● **WHAT TO WORK ON**: Retype the line in which "Multi-Pocket Crossbody Bag OutfitFlow" appears, then every line after it until the records end. Leave out the pictures.

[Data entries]
>>>>>
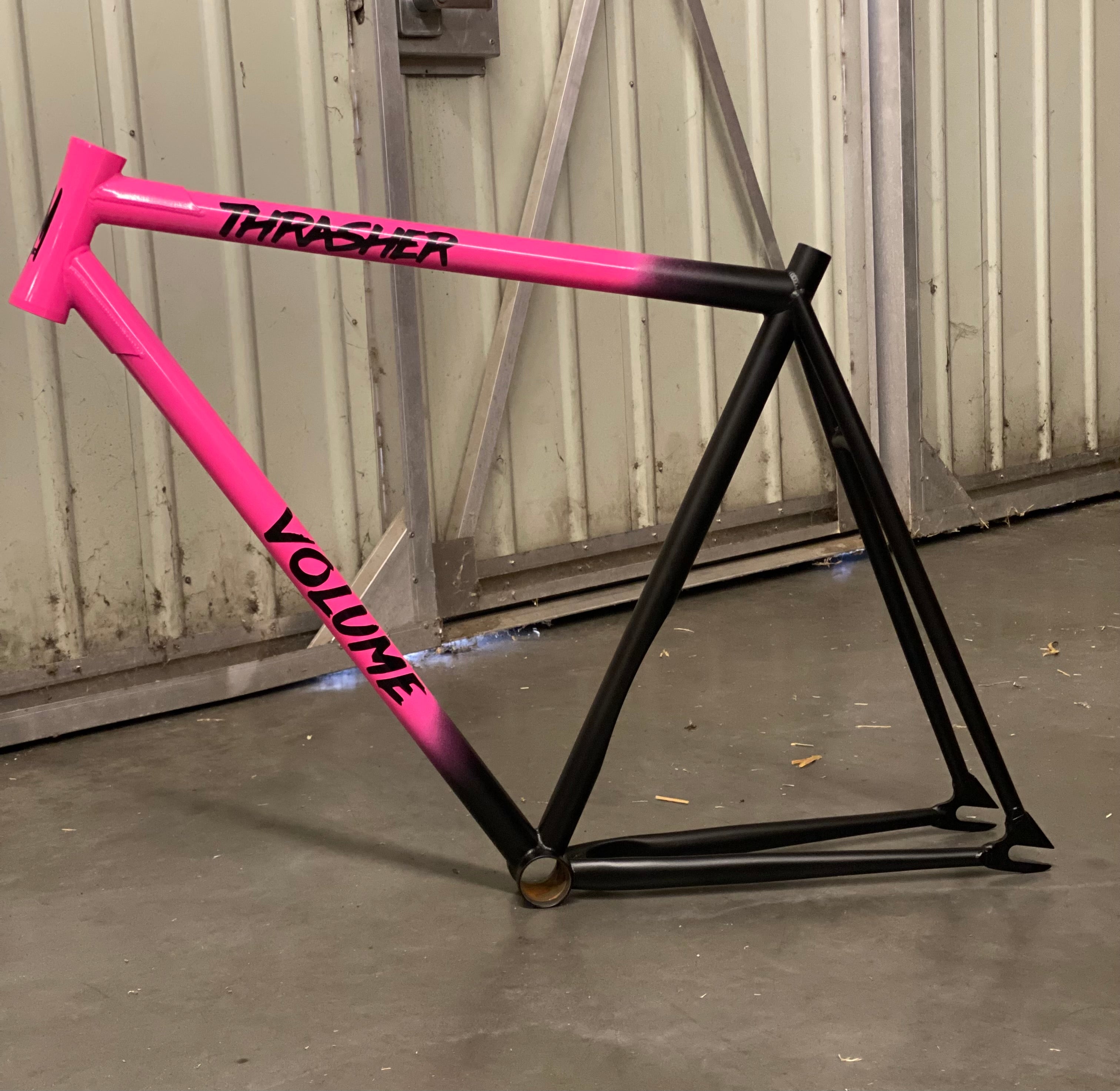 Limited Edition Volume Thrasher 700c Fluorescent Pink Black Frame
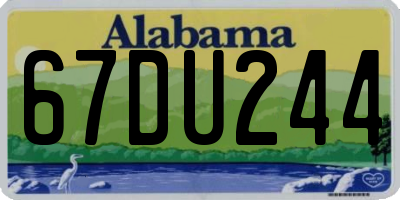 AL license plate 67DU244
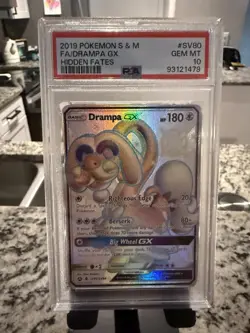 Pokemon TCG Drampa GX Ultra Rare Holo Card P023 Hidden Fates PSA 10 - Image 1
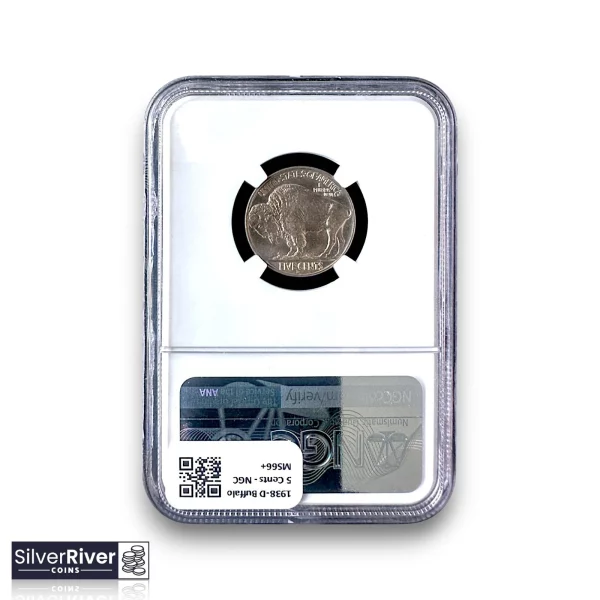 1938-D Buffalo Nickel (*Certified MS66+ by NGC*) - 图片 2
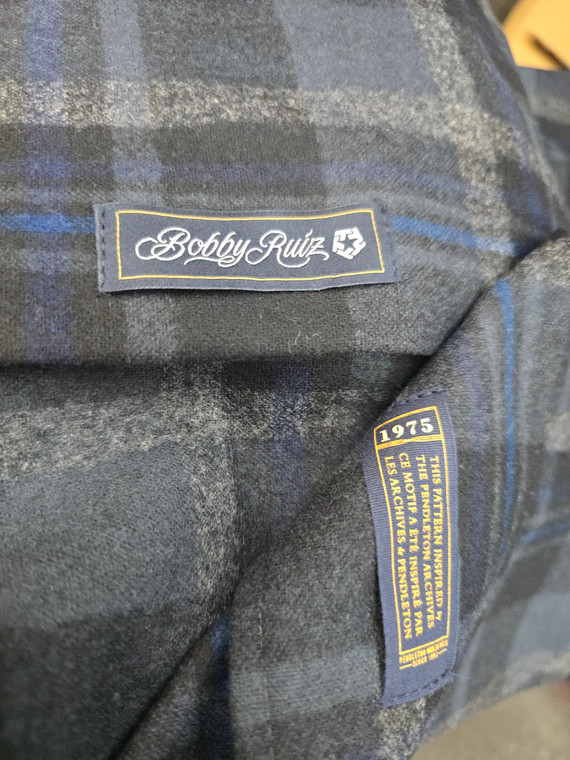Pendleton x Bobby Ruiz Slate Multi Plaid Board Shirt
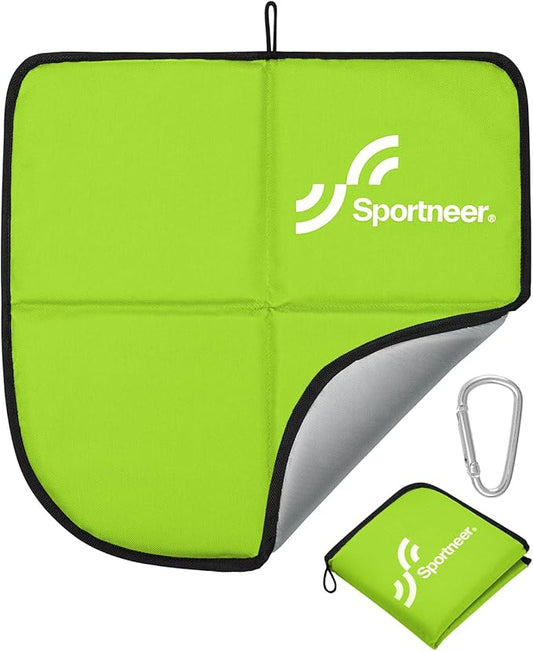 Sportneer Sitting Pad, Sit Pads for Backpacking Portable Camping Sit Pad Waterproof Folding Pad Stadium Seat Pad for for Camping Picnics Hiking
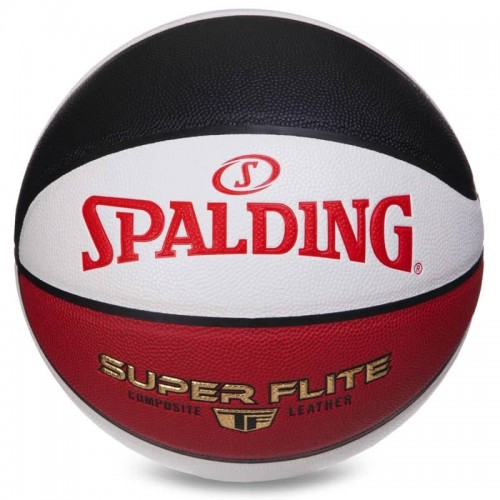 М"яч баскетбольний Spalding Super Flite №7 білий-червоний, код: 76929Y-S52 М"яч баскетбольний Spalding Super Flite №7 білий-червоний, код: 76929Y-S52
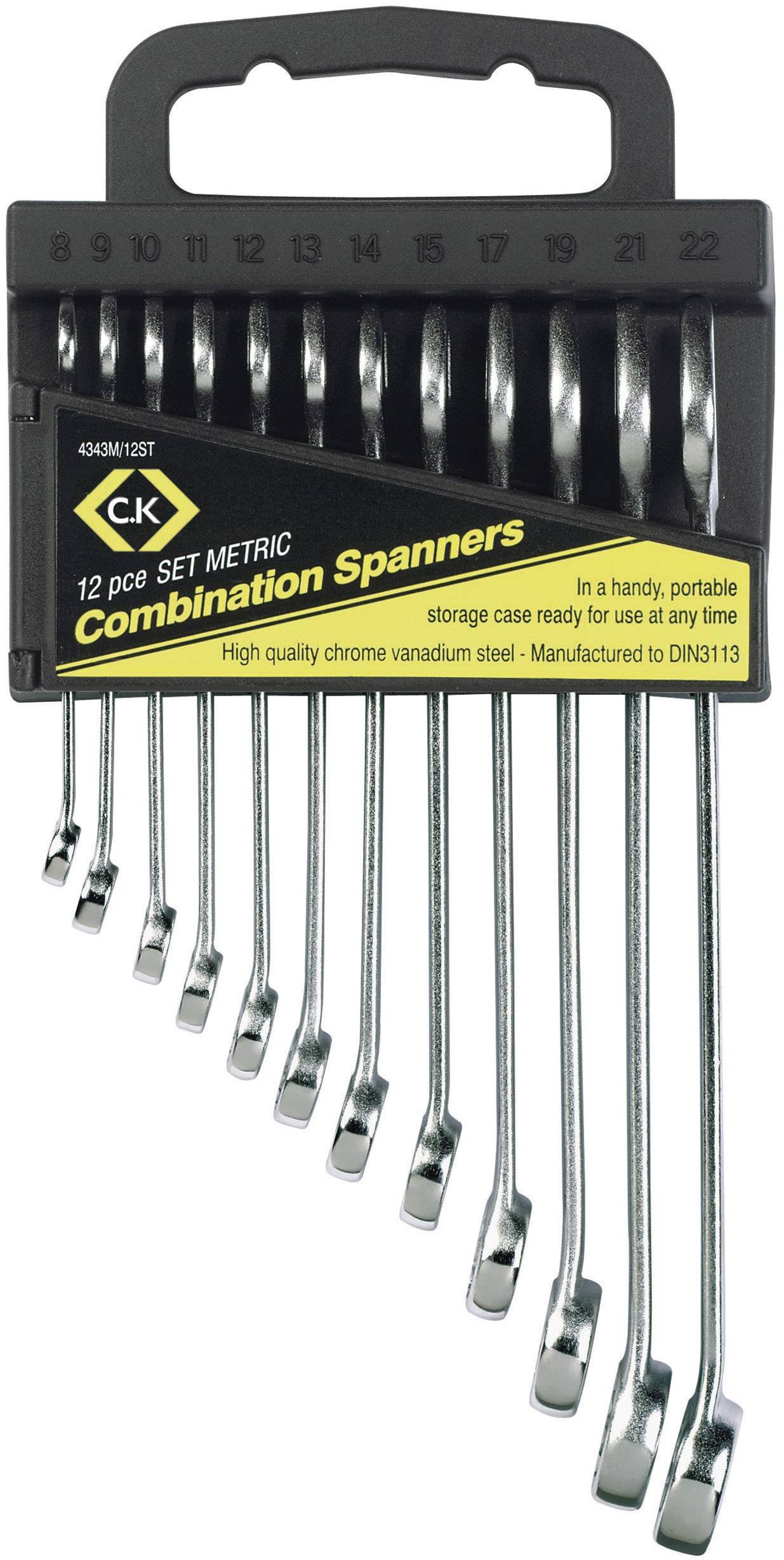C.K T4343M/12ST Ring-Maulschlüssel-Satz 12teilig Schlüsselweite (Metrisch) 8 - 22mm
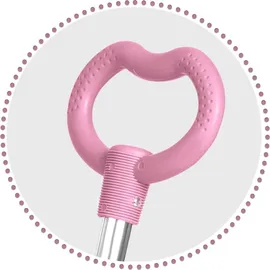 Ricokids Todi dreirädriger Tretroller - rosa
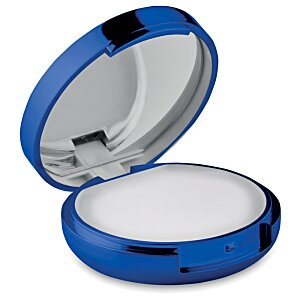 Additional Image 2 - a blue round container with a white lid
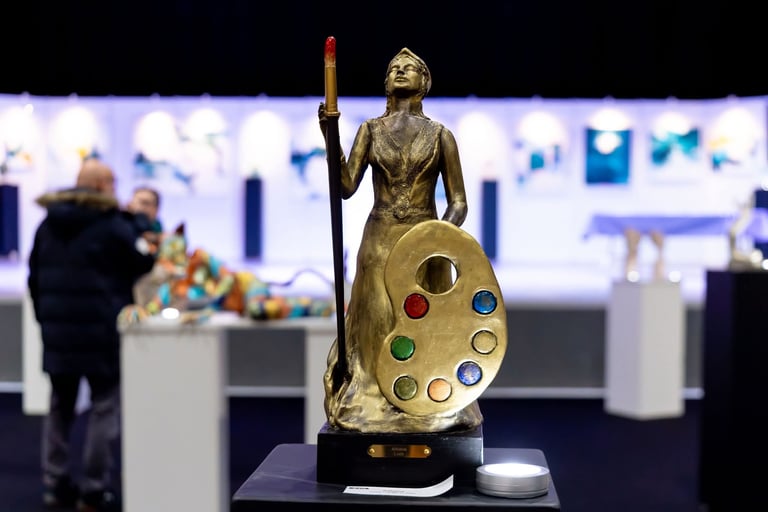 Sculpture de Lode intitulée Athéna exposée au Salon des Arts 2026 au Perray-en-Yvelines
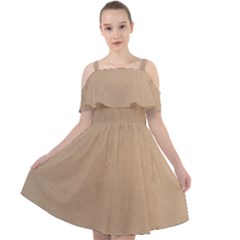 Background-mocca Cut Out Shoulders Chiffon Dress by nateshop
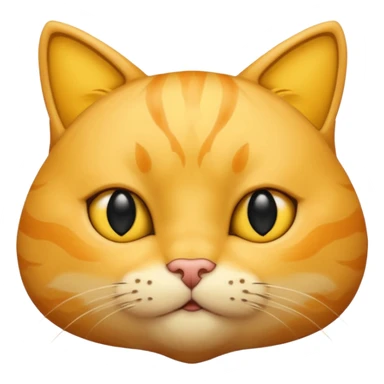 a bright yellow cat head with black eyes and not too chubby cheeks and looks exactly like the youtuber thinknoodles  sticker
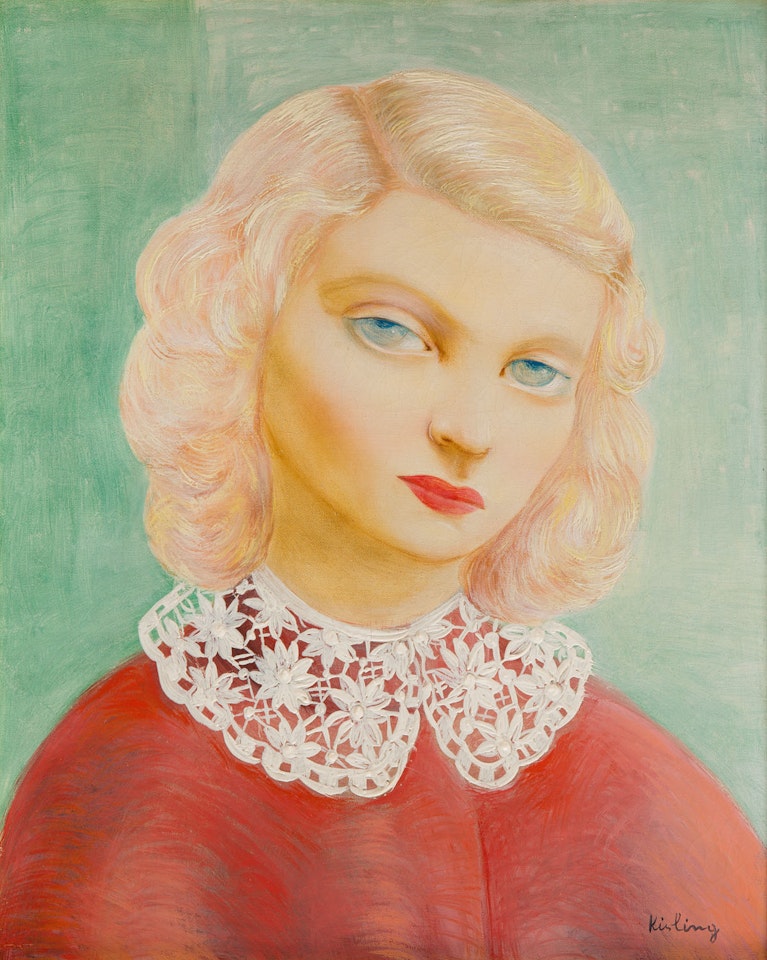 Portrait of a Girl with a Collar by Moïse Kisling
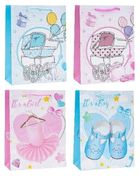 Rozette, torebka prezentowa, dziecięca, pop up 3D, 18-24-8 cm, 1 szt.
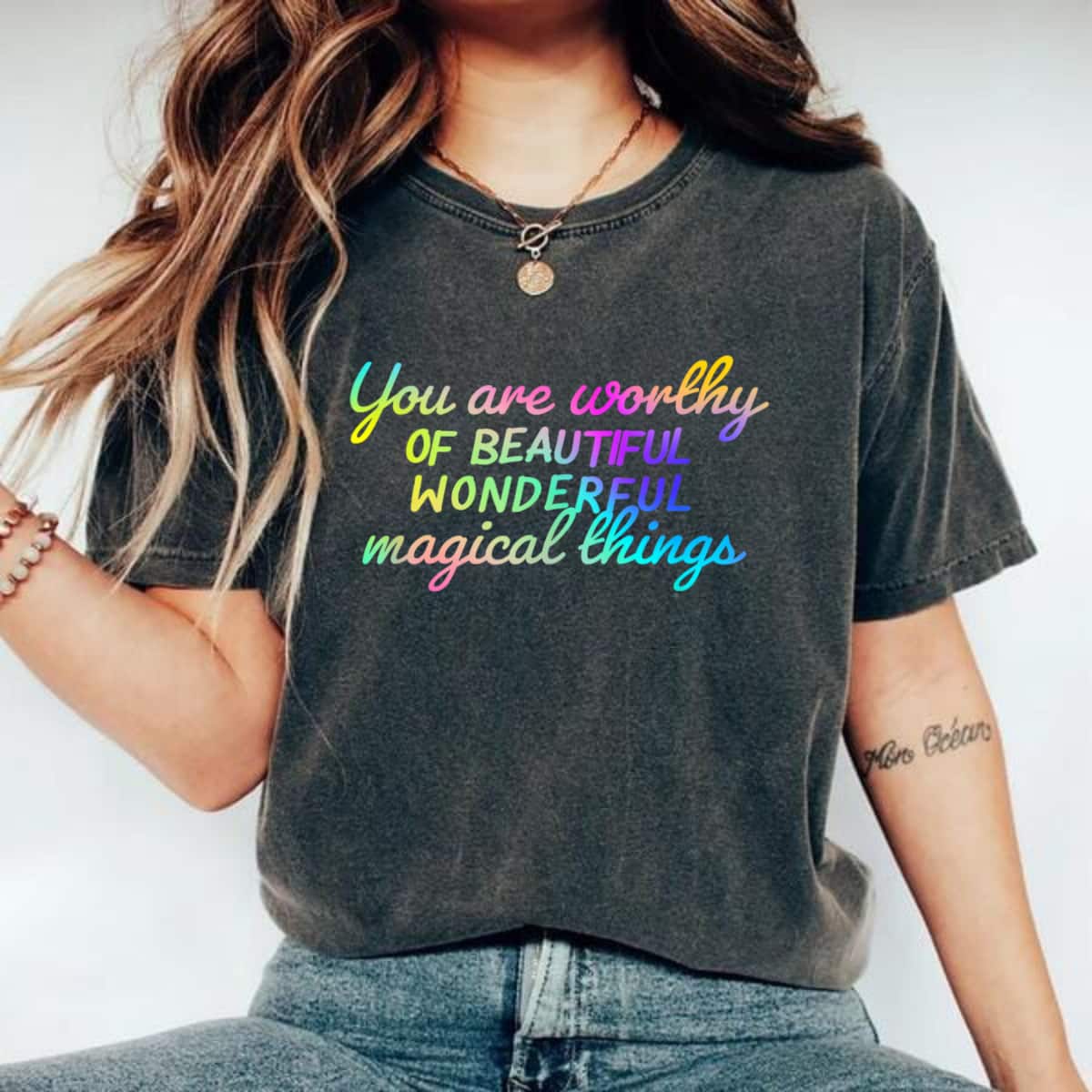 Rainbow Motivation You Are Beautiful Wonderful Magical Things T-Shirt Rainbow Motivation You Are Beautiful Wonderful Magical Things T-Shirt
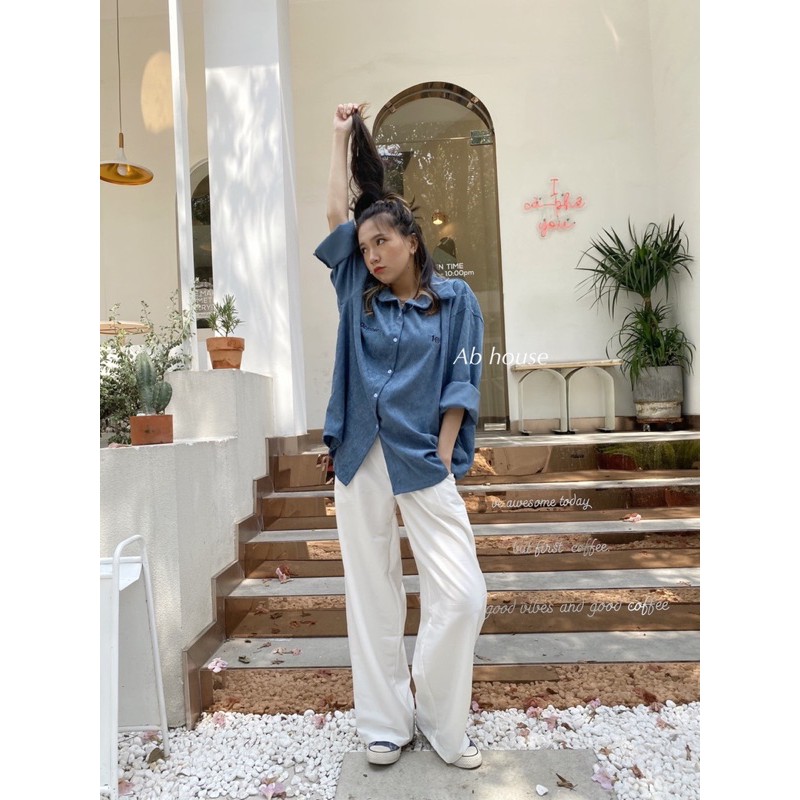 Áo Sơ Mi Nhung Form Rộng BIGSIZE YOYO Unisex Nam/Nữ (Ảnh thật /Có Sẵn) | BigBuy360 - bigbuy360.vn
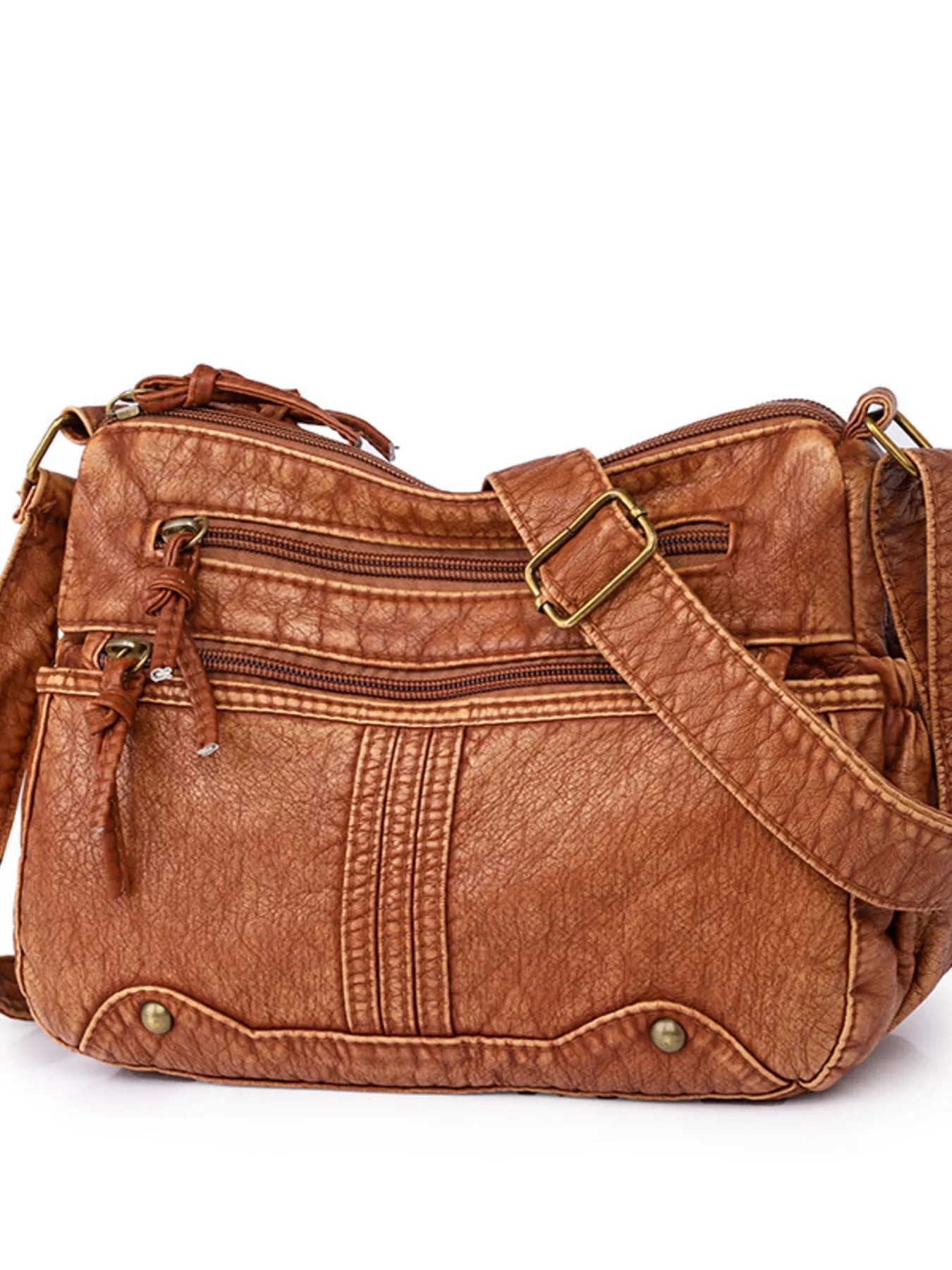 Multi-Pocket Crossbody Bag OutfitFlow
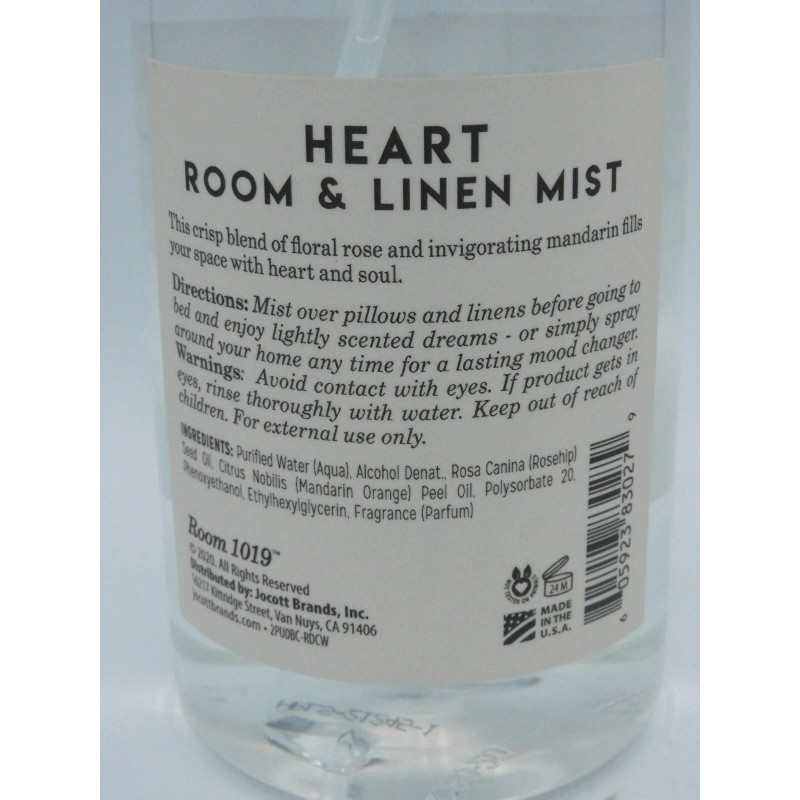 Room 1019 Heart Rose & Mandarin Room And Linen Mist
<<<<<
● **ANSWER TO THIS PROBLEM**:
 Multi-Pocket Crossbody Bag OutfitFlow
 Room 1019 Heart Rose & Mandarin Room And Linen Mist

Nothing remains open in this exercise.